- [Data below]
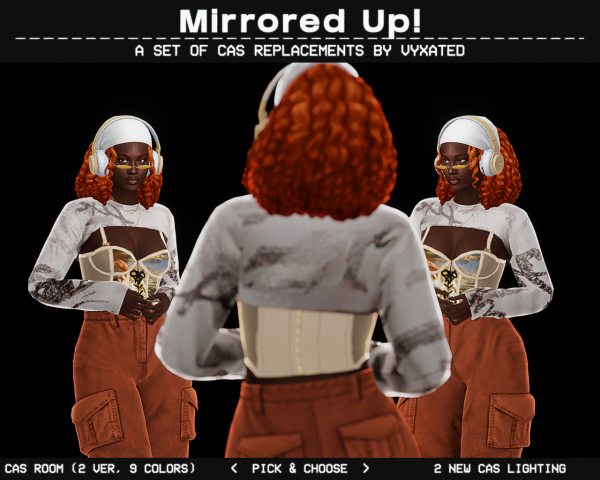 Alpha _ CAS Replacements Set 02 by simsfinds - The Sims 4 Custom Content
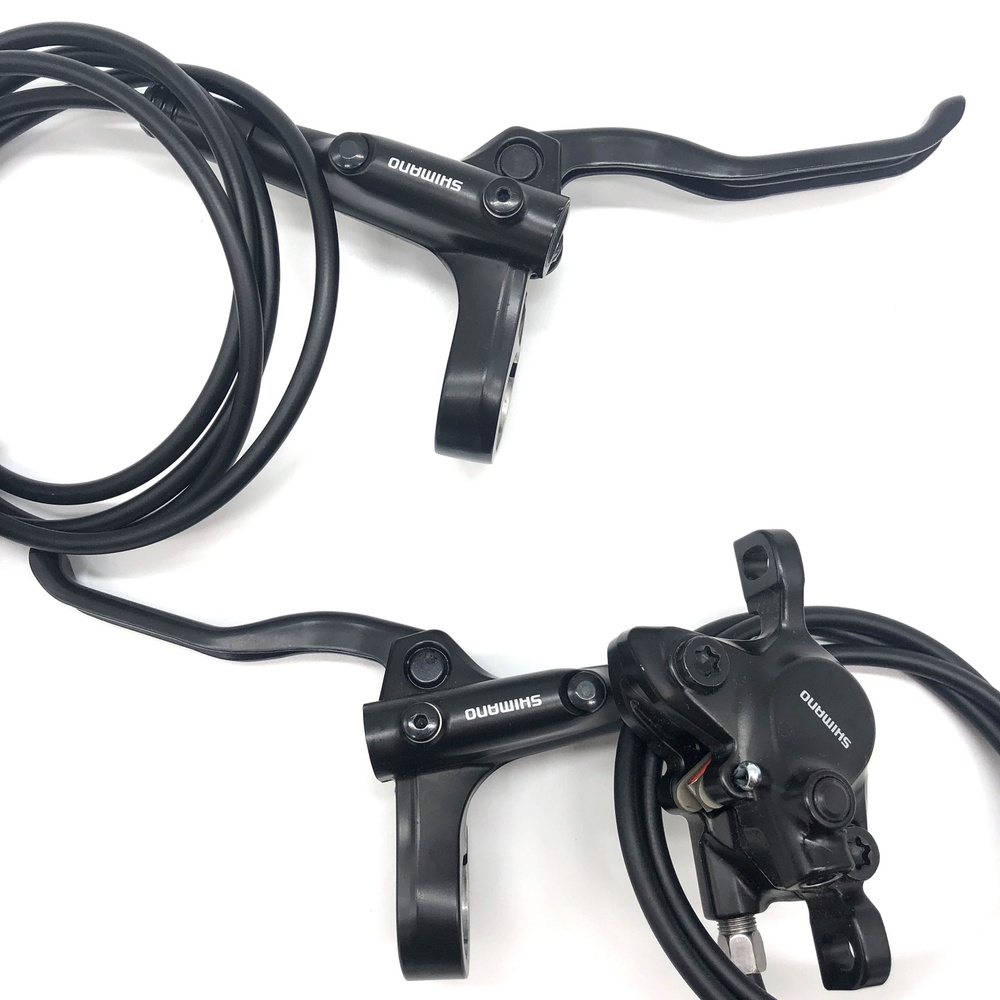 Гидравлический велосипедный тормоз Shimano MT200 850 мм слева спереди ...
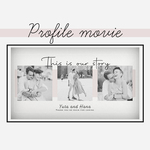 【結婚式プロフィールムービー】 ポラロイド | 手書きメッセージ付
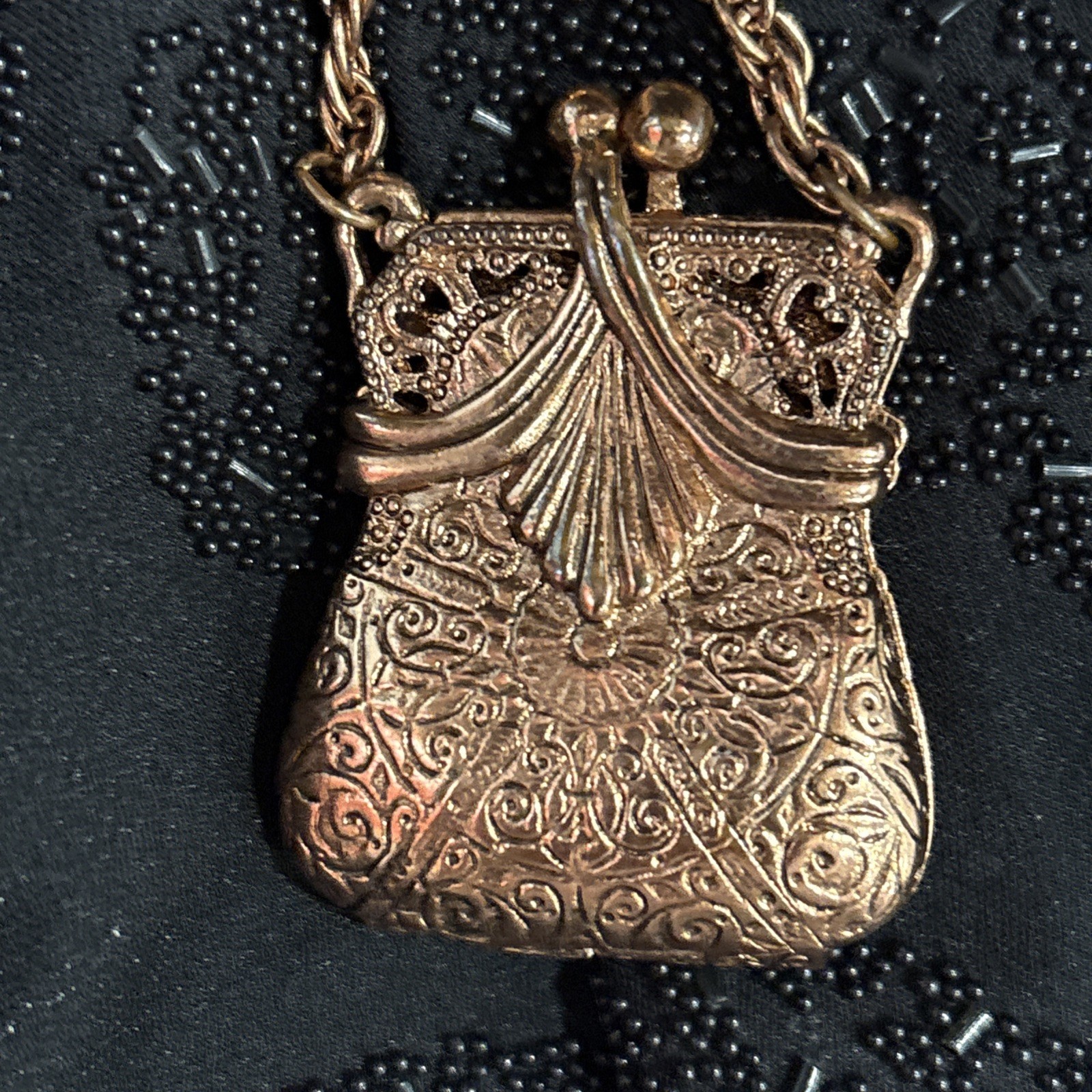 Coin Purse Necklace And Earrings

- [About this task]
Keep every word of the material exactly as given. Drop the pictures.

- [Answer box]
 Alpha _ CAS Replacements Set 02 by simsfinds - The Sims 4 Custom Content
 Гидравлический велосипедный тормоз Shimano MT200 850 мм слева спереди ...
 【結婚式プロフィールムービー】 ポラロイド | 手書きメッセージ付
 Coin Purse Necklace And Earrings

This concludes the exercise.